A questão da modernidade é fundamental para a construção da nossa identidade internacional, o que preocupa lideranças políticas, intelectuais e artistas desde antes mesmo da independência do País. O Brasil sempre quis ser visto como uma nação “avançada”, e buscou o reconhecimento externo como forma de se consolidar como ator global. Foi assim que participou, desde a época do Império, de grandes exposições internacionais, tentando levar ao resto do mundo uma imagem de modernidade que copiava modelos europeus e norte‑americanos, nem sempre com lastro na realidade nacional, tampouco conseguindo convencer observadores estrangeiros.

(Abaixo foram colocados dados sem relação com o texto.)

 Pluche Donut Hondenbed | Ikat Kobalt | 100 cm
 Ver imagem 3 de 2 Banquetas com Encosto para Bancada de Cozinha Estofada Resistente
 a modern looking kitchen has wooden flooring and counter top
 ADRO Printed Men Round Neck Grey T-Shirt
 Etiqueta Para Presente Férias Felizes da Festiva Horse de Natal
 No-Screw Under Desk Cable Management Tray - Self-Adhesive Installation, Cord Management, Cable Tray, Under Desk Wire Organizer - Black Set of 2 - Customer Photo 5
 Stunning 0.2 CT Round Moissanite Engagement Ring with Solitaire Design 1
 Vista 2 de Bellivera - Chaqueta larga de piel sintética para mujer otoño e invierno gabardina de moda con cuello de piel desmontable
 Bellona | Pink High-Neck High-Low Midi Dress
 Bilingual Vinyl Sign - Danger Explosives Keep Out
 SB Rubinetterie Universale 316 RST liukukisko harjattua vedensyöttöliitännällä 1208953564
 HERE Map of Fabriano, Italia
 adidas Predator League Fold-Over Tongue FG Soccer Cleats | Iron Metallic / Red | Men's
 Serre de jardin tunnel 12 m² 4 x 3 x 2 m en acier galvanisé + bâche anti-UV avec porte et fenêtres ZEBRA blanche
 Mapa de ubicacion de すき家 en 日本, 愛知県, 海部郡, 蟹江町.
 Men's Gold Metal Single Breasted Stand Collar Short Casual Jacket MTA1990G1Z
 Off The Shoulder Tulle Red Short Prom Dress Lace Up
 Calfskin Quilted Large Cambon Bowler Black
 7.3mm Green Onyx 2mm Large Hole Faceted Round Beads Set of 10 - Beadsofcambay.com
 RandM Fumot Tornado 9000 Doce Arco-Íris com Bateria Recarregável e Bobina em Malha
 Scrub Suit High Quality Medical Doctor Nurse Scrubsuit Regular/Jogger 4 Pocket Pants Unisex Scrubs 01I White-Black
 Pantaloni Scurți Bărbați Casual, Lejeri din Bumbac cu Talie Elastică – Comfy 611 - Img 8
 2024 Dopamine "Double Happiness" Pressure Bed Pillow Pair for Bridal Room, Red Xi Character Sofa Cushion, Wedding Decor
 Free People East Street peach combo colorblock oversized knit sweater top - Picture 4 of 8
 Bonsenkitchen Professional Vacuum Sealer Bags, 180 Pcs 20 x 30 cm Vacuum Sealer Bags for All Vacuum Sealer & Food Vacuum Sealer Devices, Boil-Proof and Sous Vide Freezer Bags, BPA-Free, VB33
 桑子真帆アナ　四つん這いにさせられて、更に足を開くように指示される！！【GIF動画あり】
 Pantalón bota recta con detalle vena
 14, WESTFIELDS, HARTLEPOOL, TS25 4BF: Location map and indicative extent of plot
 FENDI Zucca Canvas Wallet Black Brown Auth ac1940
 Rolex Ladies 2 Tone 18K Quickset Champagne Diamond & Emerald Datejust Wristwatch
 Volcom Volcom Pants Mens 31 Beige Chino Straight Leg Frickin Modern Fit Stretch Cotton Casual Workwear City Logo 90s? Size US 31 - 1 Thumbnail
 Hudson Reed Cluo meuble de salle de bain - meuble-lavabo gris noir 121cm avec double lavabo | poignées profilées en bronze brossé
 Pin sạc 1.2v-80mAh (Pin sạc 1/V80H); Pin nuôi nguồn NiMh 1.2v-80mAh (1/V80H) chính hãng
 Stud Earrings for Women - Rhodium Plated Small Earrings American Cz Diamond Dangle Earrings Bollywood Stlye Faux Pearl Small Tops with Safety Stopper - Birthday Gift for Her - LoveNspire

Foi somente quando reagiu a qualquer tipo de construção “vira‑lata” e colonialista da sua arte e identidade, desenvolvendo sua brasilidade, que foi possível realmente projetar uma nação moderna e com personalidade independente, a partir da Semana de 22. Ao buscar o abandono de referências, ideias e ideologias importadas, o Brasil comemorou cem anos da sua independência declarando que sua arte não era inferior à do resto do mundo – e poderia ser também soberana.
É importante lembrar que, em 1922, a Europa tentava reconstruir sua própria identidade e cultura após a destruição deixada pela Primeira Guerra Mundial. Esse contexto abria espaço para expressões novas no continente, mas também as de países que tradicionalmente apenas seguiam o modelo exportado pelas potências da época. Assim, o Brasil aproveitou parte do vácuo deixado pela situação caótica global para produzir expressões artísticas que não mais copiavam o que era produzido no resto do mundo. Os artistas brasileiros puderam, então, usar técnicas e experiências consagradas para criar um estilo propriamente nacional.
Um dos legados da Semana de 22 foi a consolidação de São Paulo como importante centro de artes do País e da América Latina. A cidade se tornou parte do roteiro internacional artístico, colocando‑se como centro da modernidade, em contraposição à imagem mais tradicional que se tinha do Rio de Janeiro.
A partir dos anos 1930, o Brasil abraçou a ideia de modernidade criada pela Semana de 22, passando a ser visto no exterior como um símbolo da vanguarda global. Para jornalistas, políticos e visitantes estrangeiros, o País abria caminho para o futuro com um estilo que cada vez mais se associava à sua identidade.
Um século mais tarde, a Semana de 22 continua sendo reconhecida no mundo. Em 2018, por exemplo, o MoMA, Museu de Arte Moderna de Nova York, organizou uma exposição para celebrar o trabalho e a influência de Tarsila do Amaral, considerada inventora da arte moderna no Brasil e importante expoente do estilo internacionalmente.